== Exercise objective ==
The answer must be an exact copy of the lines from the one containing "ShadyMcShade100 Minecraft avatar full body" through the last line of the records, with the pictures left out.

== Extracted records ==

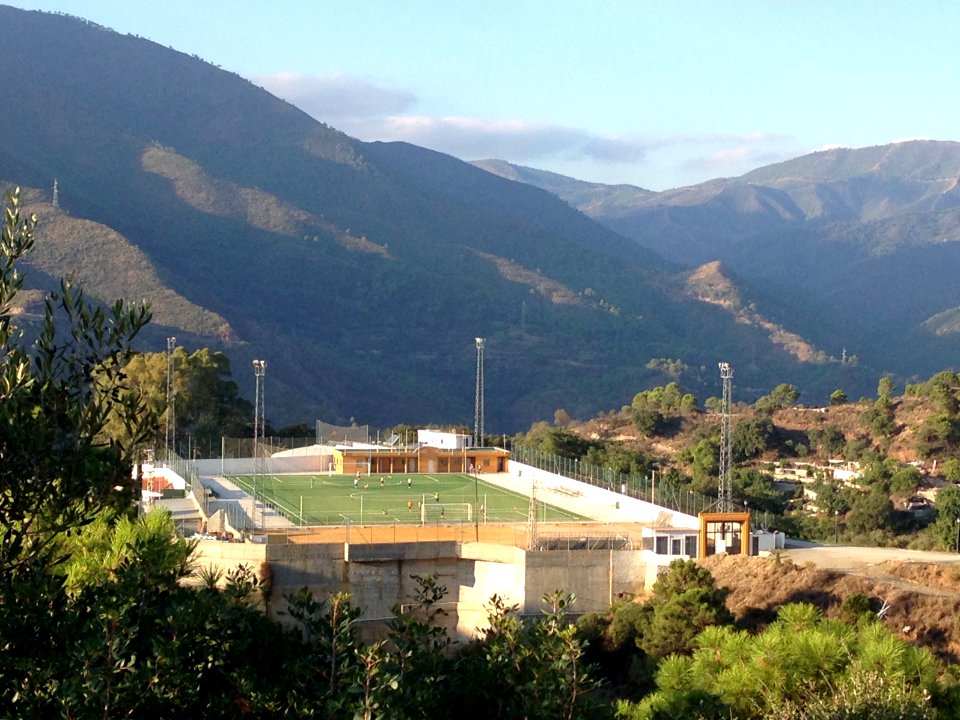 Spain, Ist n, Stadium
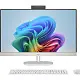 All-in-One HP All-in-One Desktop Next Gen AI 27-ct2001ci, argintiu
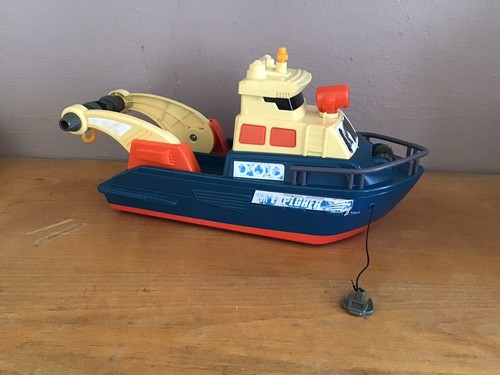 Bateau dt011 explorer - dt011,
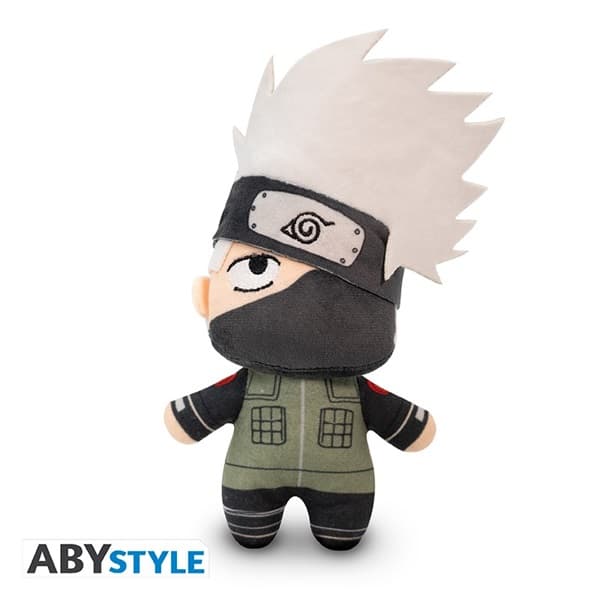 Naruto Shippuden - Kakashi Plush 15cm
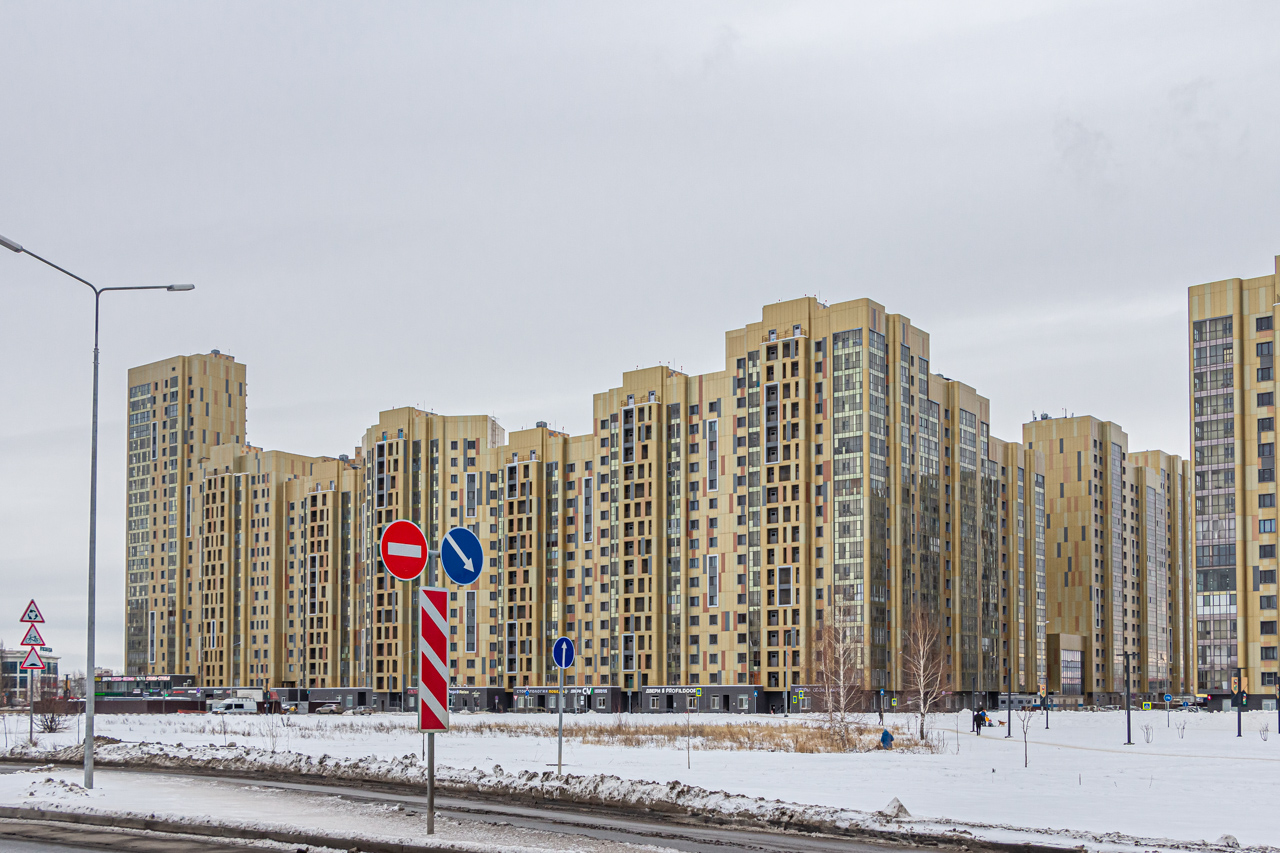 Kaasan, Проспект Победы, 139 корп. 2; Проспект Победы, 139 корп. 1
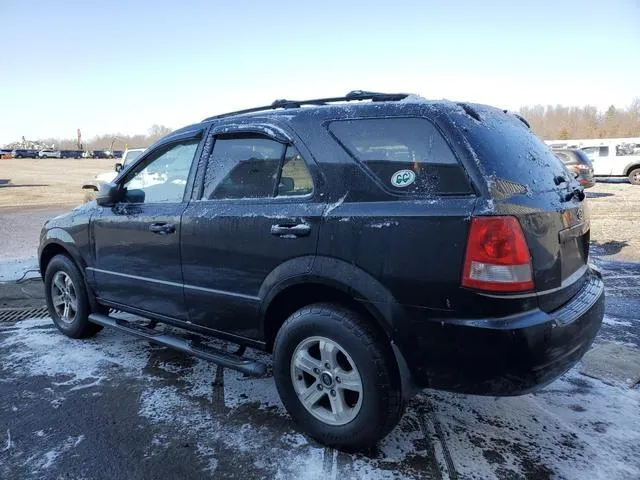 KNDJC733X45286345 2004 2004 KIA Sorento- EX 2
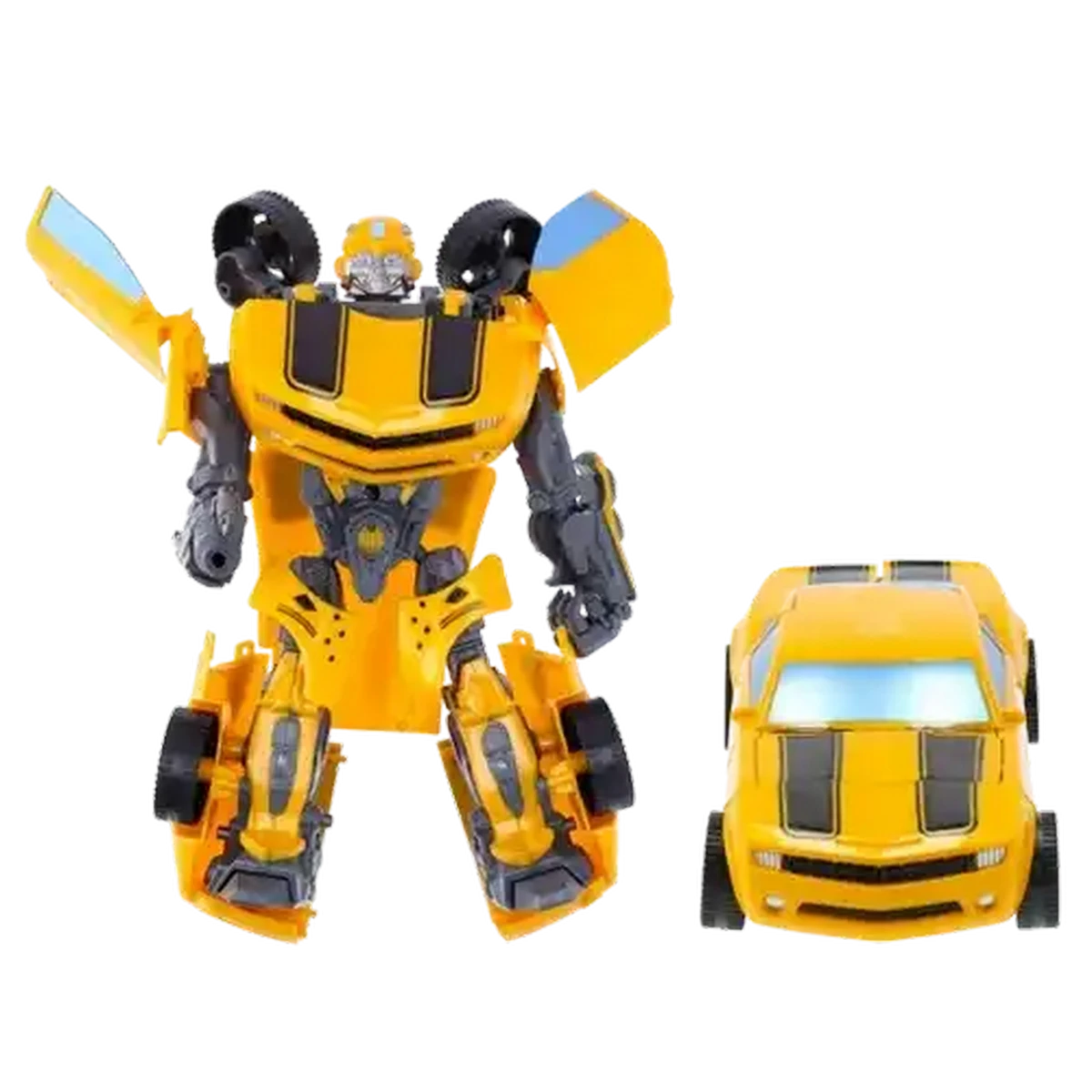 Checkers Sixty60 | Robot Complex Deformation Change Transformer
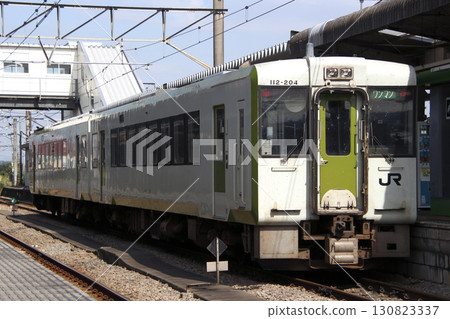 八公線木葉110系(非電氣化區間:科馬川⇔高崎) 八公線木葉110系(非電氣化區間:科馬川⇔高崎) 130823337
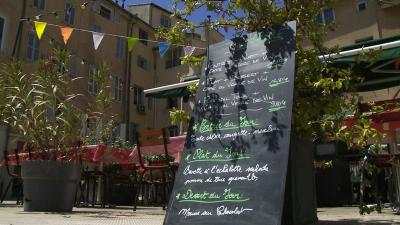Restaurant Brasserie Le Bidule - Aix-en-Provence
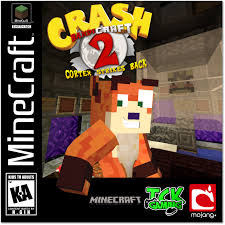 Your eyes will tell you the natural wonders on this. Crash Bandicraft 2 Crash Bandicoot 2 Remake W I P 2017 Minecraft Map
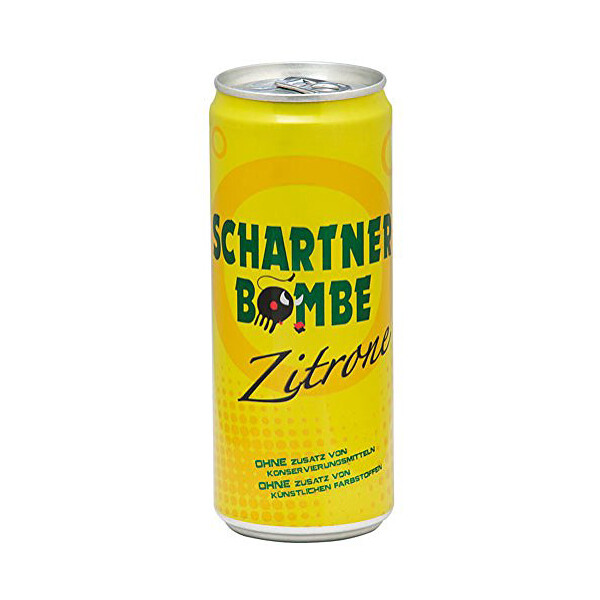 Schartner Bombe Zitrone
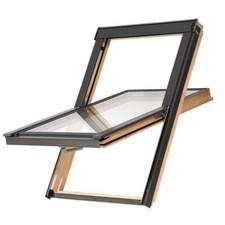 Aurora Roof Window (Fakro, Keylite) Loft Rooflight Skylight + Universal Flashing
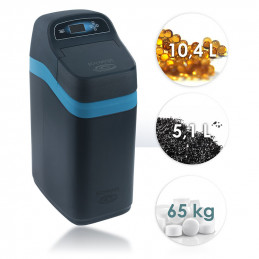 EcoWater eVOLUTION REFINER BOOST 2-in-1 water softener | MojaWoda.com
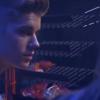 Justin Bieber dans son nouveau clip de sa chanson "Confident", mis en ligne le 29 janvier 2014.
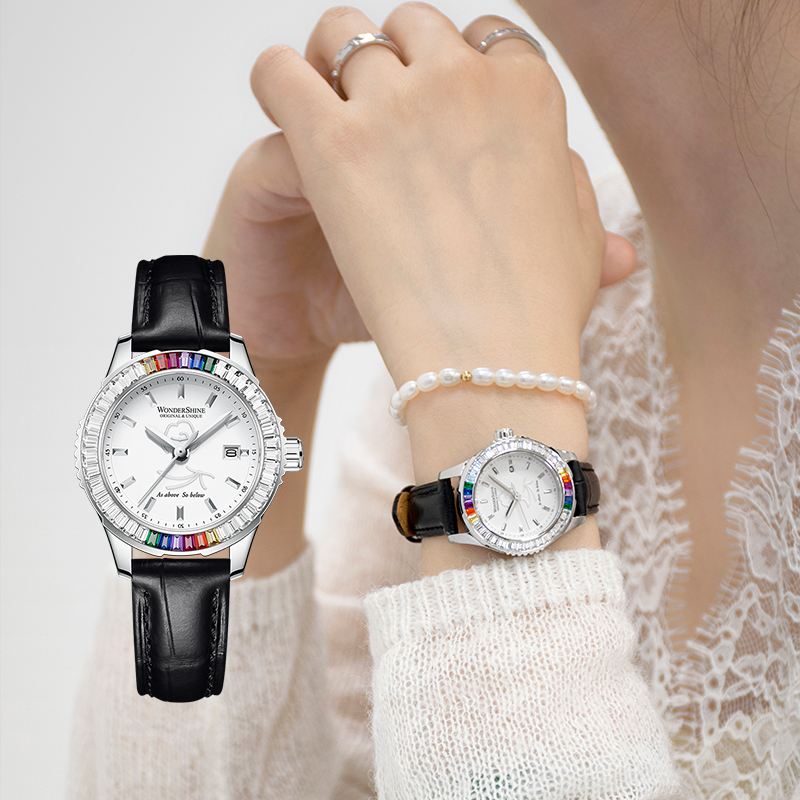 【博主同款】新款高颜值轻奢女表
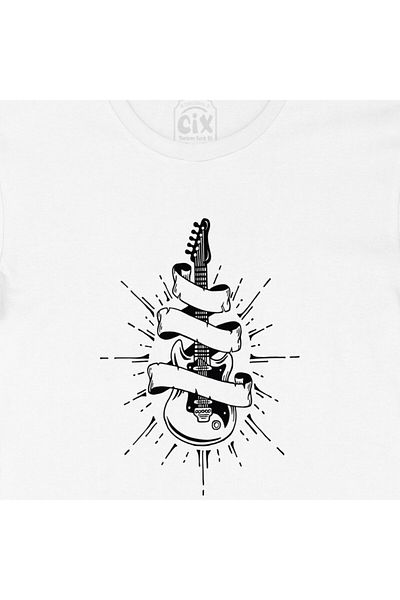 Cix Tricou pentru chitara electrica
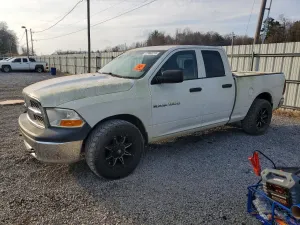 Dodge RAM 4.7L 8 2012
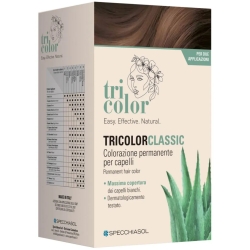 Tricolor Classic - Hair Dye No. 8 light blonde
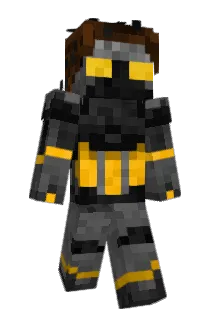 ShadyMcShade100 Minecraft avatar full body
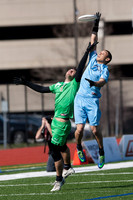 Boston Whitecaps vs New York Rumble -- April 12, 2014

== Solution for this task ==
 ShadyMcShade100 Minecraft avatar full body
 Boston Whitecaps vs New York Rumble -- April 12, 2014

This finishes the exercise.